Nowadays, we are in the midst of the so-called second quantum technology revolution, which aims to bring paradigm-shifting solutions to critically important applications in every corner of human life. Examples include secure communication that detects any form of spying, efficient computation that is exponentially faster than any classical version, and quantum sensing that exploits the unique quantum properties to provide unprecedented sensitivity. To tackle these grand challenges, we need to develop groundbreaking technology covering all levels, from materials through devices to systems.
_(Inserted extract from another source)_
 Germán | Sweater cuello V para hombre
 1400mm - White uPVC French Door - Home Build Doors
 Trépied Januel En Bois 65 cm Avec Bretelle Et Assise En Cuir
Quantum photonic integrated circuits (QPICs) are the technology of choice for various applications because of their compactness, energy efficiency, low cost, high performance and potential for up-scalability1. The basic building blocks for QPICs include quantum light sources, passive and active devices for light manipulation such as beam splitters, filters, wavelength conversion, modulation, etc., and quantum detectors. Despite limited commercial availability, silicon carbide on insulator (SiCOI) is emerging as the next-generation material platform for quantum technology2. As seen in Table 1, in comparison to the existing material platforms of silicon on insulator (SOI), silicon nitride (SiN) and lithium niobate on insulator (LNOI)3, SiCOI shows advantages in the following aspects: broad transparency with < 1 dB/cm waveguide loss demonstrated from ~ 400 nm to ~ 5000 nm; electro-optic, and thermal switching/modulation/tuning mechanisms demonstrated; second harmonic and other nonlinear light generation and color center-based single photon sources demonstrated. Some reported color centers in SiC work at telecommunication wavelength ranges and room temperature, and have long spin coherence times up to 5 s4, which holds promising potential applications in quantum communications, quantum sensing, and quantum computing.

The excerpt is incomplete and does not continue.